Lee denied wrongdoing.
One of his lawyers, Song Wu-cheol, said Lee would appeal the lower court ruling.
“The entire verdict is unacceptable,” Song said, adding that he was confident his client’s innocence would be affirmed by a higher court.
Under South Korean law, sentences of more than three years cannot be suspended. The five-year sentence is one of the longest prison terms given to a South Korean business leader.
The Seoul Central District Court said Samsung’s financial support of entities backed by Park’s close friend, Choi Soon-sil, constituted bribery, including 7.2 billion won ($6.4 million) in sponsoring the equestrian career of Choi’s daughter.
In return for the contributions, prosecutors say, Samsung sought government support for a controversial 2015 merger of two of its affiliates, which helped Lee tighten his control of the conglomerate.
His lawyers had argued that the merger was done on business merits but the court did not accept that.

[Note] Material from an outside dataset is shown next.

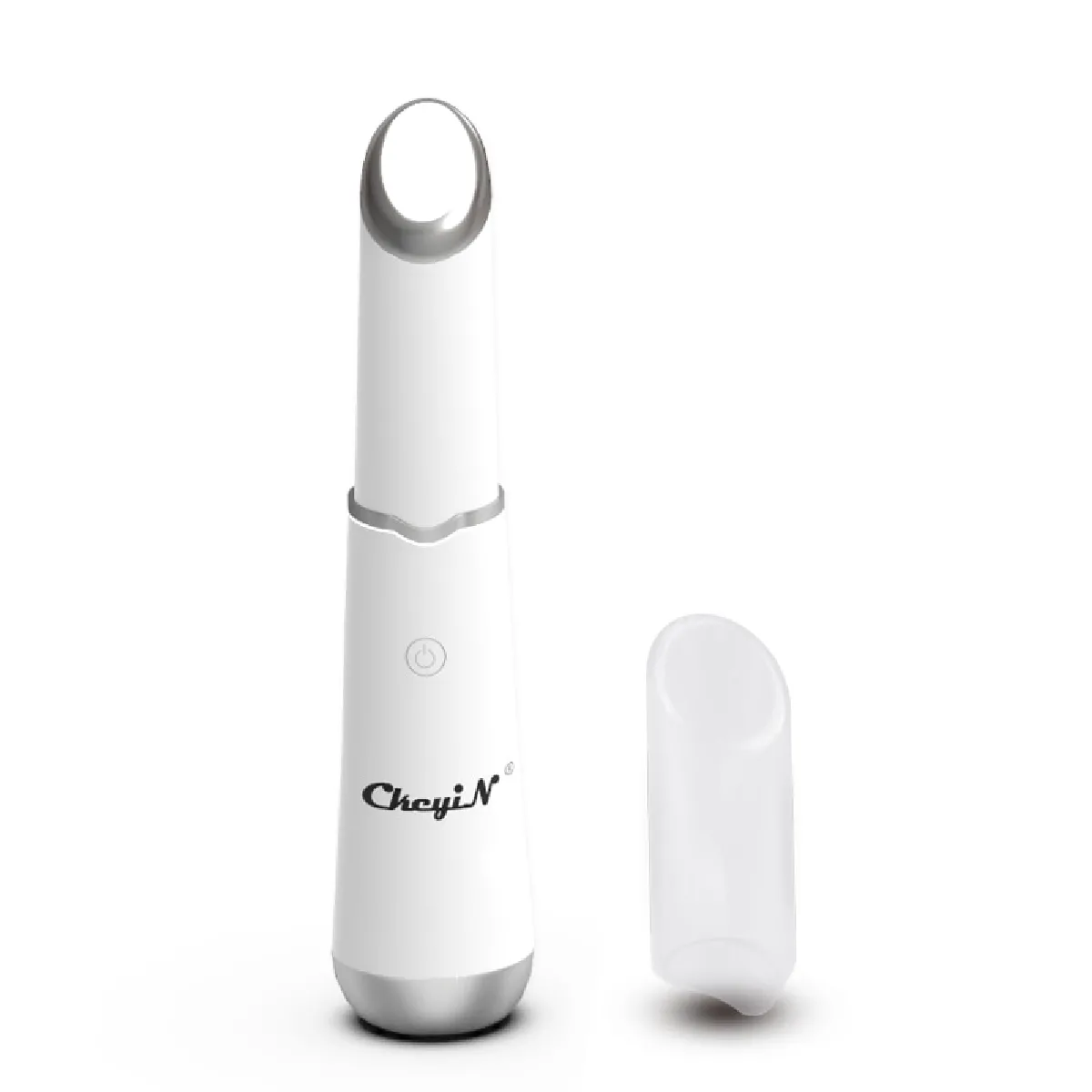 Masseur d'yeux thermocomprimé LED Photon Bar de massage des yeux Traitement léger Vibrations Resserrement de la peau Soulevement des poches anti-rides Baguette de beauté   Appareil de beauté pour la maison (blanc)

Park, who was forced from office in disgrace, is facing her own corruption trial, with a ruling expected later this year. Prosecutors have argued that Park and Lee took part in the same act of bribery, so Lee’s conviction would appear ominous for Park.
Samsung, founded in 1938 by Lee’s grandfather, is a household name in South Korea and a symbol of the country’s dramatic rise from poverty following the 1950-53 Korean War.
But over the years, it has also come to epitomize the cosy ties between politicians and powerful family-controlled business groups – or chaebols – which have been implicated in a series of corruption scandals.
South Koreans, who once applauded the chaebols for catapulting the country into a global economic power, now criticize them for holding back the economy and squeezing smaller businesses.
South Korea’s new president, Moon Jae-in, who replaced Park after a May 9 election, has pledged to rein in the chaebols, empower minority shareholders and end the practice of pardoning corporate tycoons convicted of white-collar crime.